Data records>
^^^^

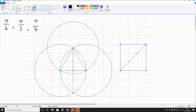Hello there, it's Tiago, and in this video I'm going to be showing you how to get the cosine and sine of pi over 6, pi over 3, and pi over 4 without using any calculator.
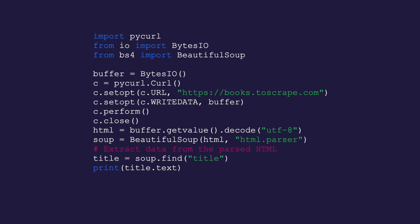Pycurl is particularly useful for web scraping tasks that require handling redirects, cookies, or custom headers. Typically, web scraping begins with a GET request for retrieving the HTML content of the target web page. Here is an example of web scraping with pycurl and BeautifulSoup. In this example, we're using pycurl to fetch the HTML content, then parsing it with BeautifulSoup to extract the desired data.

^^^^

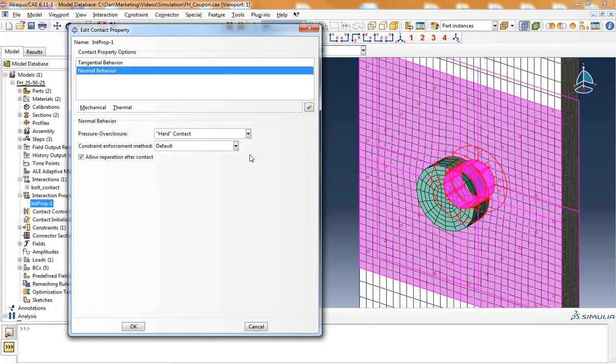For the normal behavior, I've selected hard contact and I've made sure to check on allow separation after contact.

^^^^

Work to complete>
Among the entries above, find the line with "Hello there, it's" and repeat exactly from there through the line with "Pycurl is particularly", leaving out the pictures.

Exercise output>
Hello there, it's Tiago, and in this video I'm going to be showing you how to get the cosine and sine of pi over 6, pi over 3, and pi over 4 without using any calculator.
Pycurl is particularly useful for web scraping tasks that require handling redirects, cookies, or custom headers. Typically, web scraping begins with a GET request for retrieving the HTML content of the target web page. Here is an example of web scraping with pycurl and BeautifulSoup. In this example, we're using pycurl to fetch the HTML content, then parsing it with BeautifulSoup to extract the desired data.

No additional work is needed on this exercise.